Bütün dünyada insanlar hep aynı tip sorunlarla karşı karşıyadırlar. Boyutları, büyüklükleri farklı olabilir ama özünde aynı tipten sorunlardır. Sağlık sorunları, sevdiklerinin kaybı, mal, iş kaybı, ekonomik sorunlar, iflas ya da borç batağında olmak, ilişkiler gibi benzer sorunlarla karşı karşıyadırlar Kimi 100 TL için mücadele eder, çabalar, didinir; diğeri 100 bin TL için. Boyutları ve türü ne kadar farklı olursa olsun, endişe, çaba, mutsuzluk, çaresizlik hep aynıdır. Bu metotta kişiler yaşamlarında karşılaştıkları benzer sorunlarını yara almadan çözmeyi öğrenirler. Evrensel bir metod olması nedeniyle tüm dünyada 118 ülkede eğitimleri verilmektedir.

Son olarak söylemek istedikleriniz neler olabilir?

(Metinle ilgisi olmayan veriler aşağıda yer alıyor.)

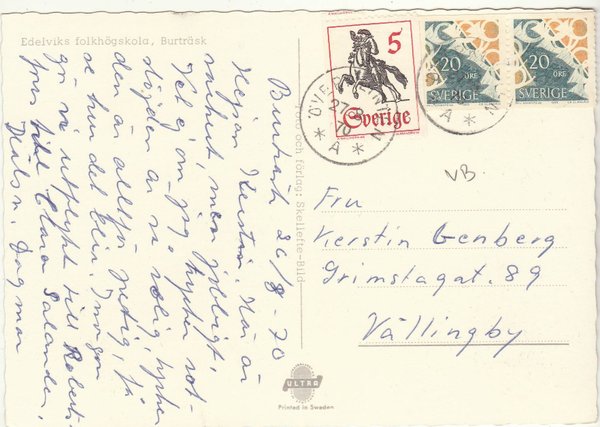 galleryimage 2 zoomed in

Bu işe gönül vermiş olan bizler, amaçları ne olursa olsun milyonlarca mezunumuzun yaşamlarının olumlu yönde değiştiğine tanıklık etmekteyiz. José Silva’nın en büyük özlemi, bizlere Tanrı tarafından doğal olarak verilmiş olan sezgilerimizi (durugörü yeteneğini) geliştirmemizdir. Böylece olayları, problemleri önceden hissedip önlem alır, doğru kararlar veririz. Ancak o zaman insanlar daha refah, daha sağlıklı, daha mutlu ve bu gezegendeki tüm problemlere çözüm bulmuş olurlar.  Dolayısı ile dünyamızı, hiç bir hastalığın kalmadığı, açlık, sefalet ve savaşların olmadığı bir gezegen haline çevirmiş oluruz. Kısaca dünyamızı cennete çevirmiş oluruz.